%%
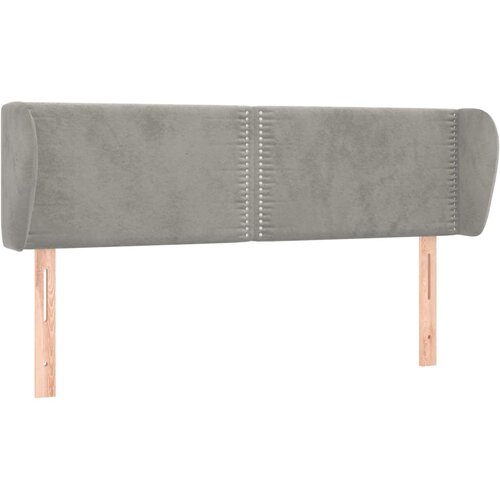 Maison Chic vzglavna omarica - nočna omarica - posteljna omarica z u&amp;scaron;esi svetlo sivo 147x23x78/88 cm žamet, (21713177) Slike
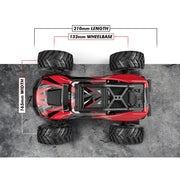 Blackzon 540290 Spryte MT Turbo 1/20 4WD Monster Truck Red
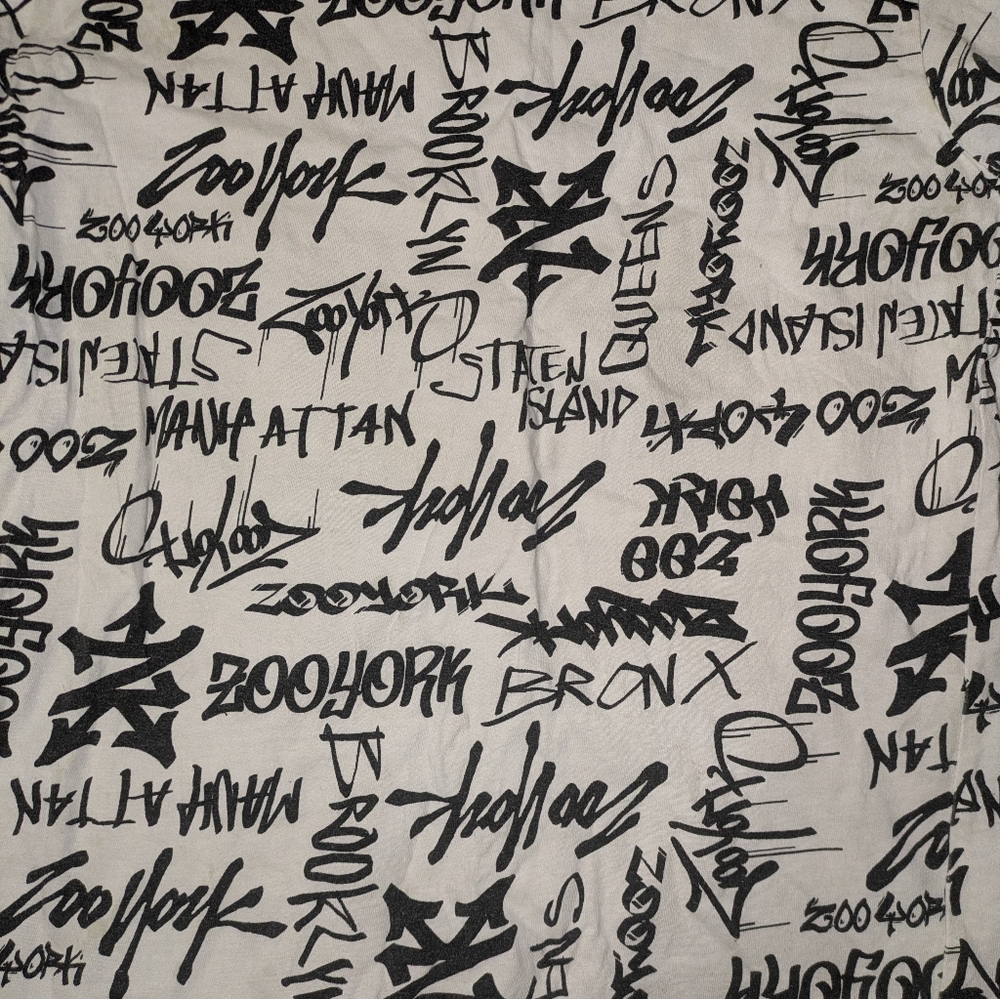 👉10/10$ Cool Zoo York Monochrome Graphic Tee Men S Or 16Y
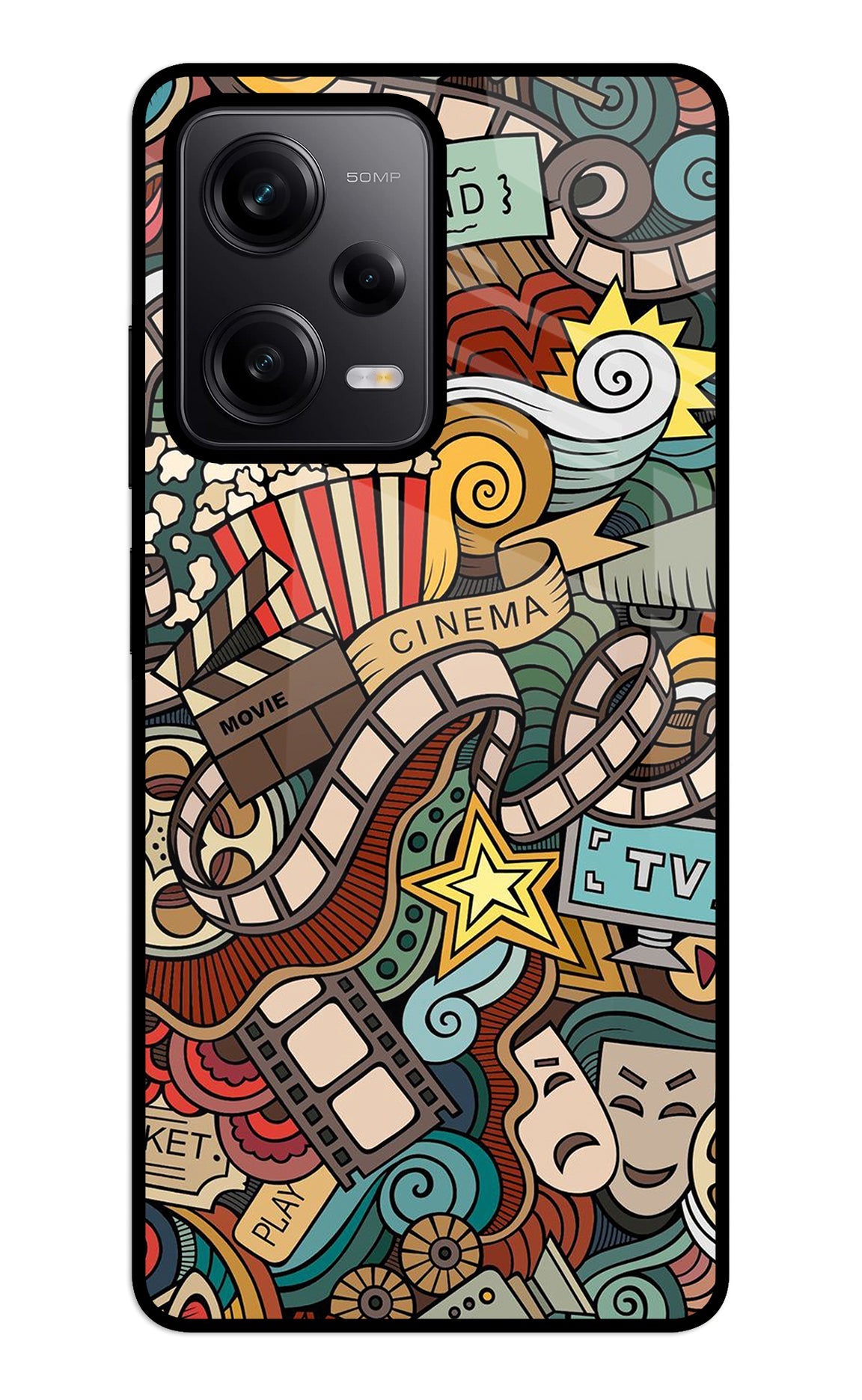 Cinema Abstract Redmi Note 12 5G Back Cover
%%
_What to work on_.
Copy the listing exactly, omitting pictures.

_Answer box_.
 Maison Chic vzglavna omarica - nočna omarica - posteljna omarica z u&amp;scaron;esi svetlo sivo 147x23x78/88 cm žamet, (21713177) Slike
 Blackzon 540290 Spryte MT Turbo 1/20 4WD Monster Truck Red
 👉10/10$ Cool Zoo York Monochrome Graphic Tee Men S Or 16Y
 Cinema Abstract Redmi Note 12 5G Back Cover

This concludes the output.